Safety around the home

February 4, 2006

This amazing table saw can detect the difference between cutting wood and cutting your finger. The video demo really is worth a watch.

Years ago, my grandfather was teaching me how to use a chain saw. Unfortunately he didn’t know that the chain was very blunt and was using hand signals to try and explain the failings of my amateur chainsaw technique. With him getting so close, I became too scared to move the saw at all. Turns out I didn’t need to; he waved the webbing between his thumb and pointer finger right into the chain.

Very fortunately for us, this accident just took a small chunk of skin off (probably because the chain was so blunt).

While I have no plans to ever go near a chainsaw again, I’ve had many exciting moments with non-powered saws too. On holidays, I’d usually spend a day acting as a human powertool for my grandmother in the garden. In particular, this meant scaling countless huge trees to remove branches obscuring their beautiful view of the coastline.

One day I was about 15m up a pine tree to remove a particularly large branch. Unfortunately the only saw access was from a branch below. Unpeturbed, I tied a rope to the branch so my grandfather could pull it away from the tree (and me) at the critical moment.

Let’s just say that slow sawing and overzealous grandfatherly protection from a falling branch resulted in an exciting sling-shot style ride for me when the branch broke free. With the tree whipping back and forth while I held it with one hand, and tried to prevent serious impalement from the saw with the other, I didn’t really have time to notice my grandfather diving out of the way of the branch that he had pulled so enthusiastically down onto himself.

Now, just one last story to honour his memory. Taking the boat out one day, we were having trouble getting the trailer to slip down onto the towball. I stood on the trailer front for weight while Grandpa drove the car forward a few centimetres to get the alignment right. The dolly wheel on the trailer ensured that, should the trailer come off the ball, it (& me) didn’t have far to go. All went according to plan and the trailer plopped on.

At this point, my grandfather thought he’d just drive forward about 20m up the sloped driveway to get the boat on the grass for a wash down. Again, no big deal as I was used to riding small distances on the trailer rail in between the car and the boat.

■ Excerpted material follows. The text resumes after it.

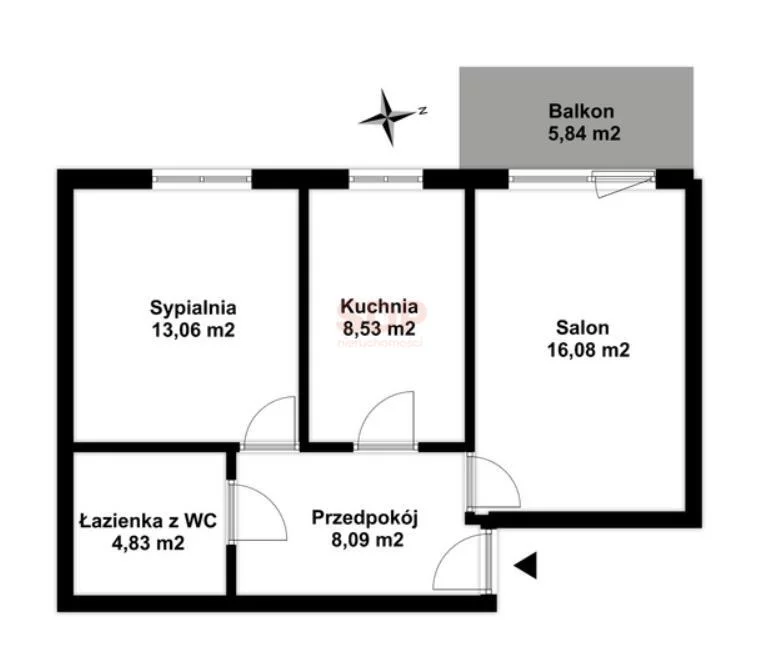 2 pokoje, mieszkanie 50,59 m², piętro 1, oferta nr , 39577, Krzeptów, Jagodowa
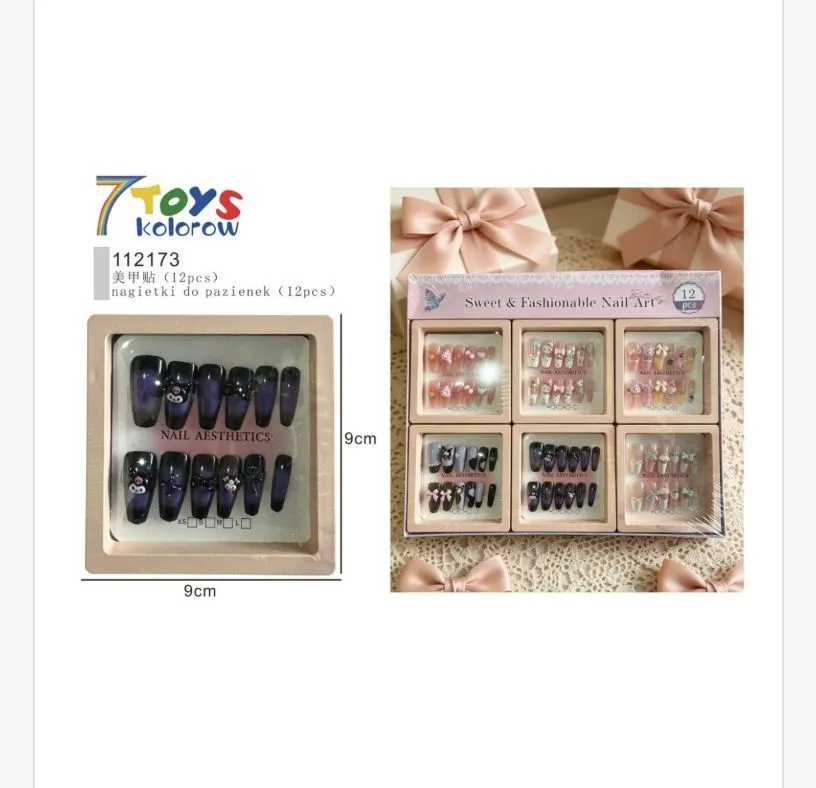 Zestaw 7Toys Kolorow naklejek na paznokcie 12szt 9cm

Unfortunately, just as he was stopping the car we reached the crest of the hill. The dolly wheel, left in for safety during the tow ball engagement, now touched the ground and lifted the trailer back up off the tow ball.

We should have used the safety chain as well.

The thing about my grandparents block is that its basically a really long, sloping block (say 150m long and a 25m drop). Starting from the top, I’m now riding a free-falling boat and trailer.

That day it was proven that I have both more brains and less courage than my grandmother. As I jumped off the moving boat, she ran along for an extra second attempting to hold and / or steer it down the hill.

The boat rolled straight down the middle of the driveway missing the BBQ on one side and a large tree on the other. Crossing a flat section of the concrete driveway, the metal keel at the bottom of the outboard motor was sheered off completely.

Continuing to accelerate, the boat stayed on the concrete driveway (or runway at this point) now going past the side of their brick house. Two large LPG cylinders providing gas for the kitchen were torn from their chains (set into the brick wall) and sent flying.

Set into the wall of the house was a very small window providing limited light to the basement. Somehow, probably slightly slowed on that side by hitting the gas cylinders, the boat steered just enough to wedge its back corner right into the brick windowsill, stopping dead in its tracks (without even breaking the window).

Meanwhile, the gas cylinders rolled more than 100m down the hill, crushing plants, crossing a road and settling to rest in the neighbours frontyard. Try saying this in a nonchalant manner “Hi there! Don’t mind me, I’m just looking for our gas cylinder”.
Believe it or not, these stories highlight a few of the great things about my grandfather. His adventurous, can-do attitude created a multitude of exciting projects and outings. By actively involving me in each one, I received great gifts and lessons that no one else could have given. Finally, and weirdly, the problems above were primarily created by his vigilant efforts towards safety and correct technique.

I only hope that one day I’ll be teaching such great lessons in life.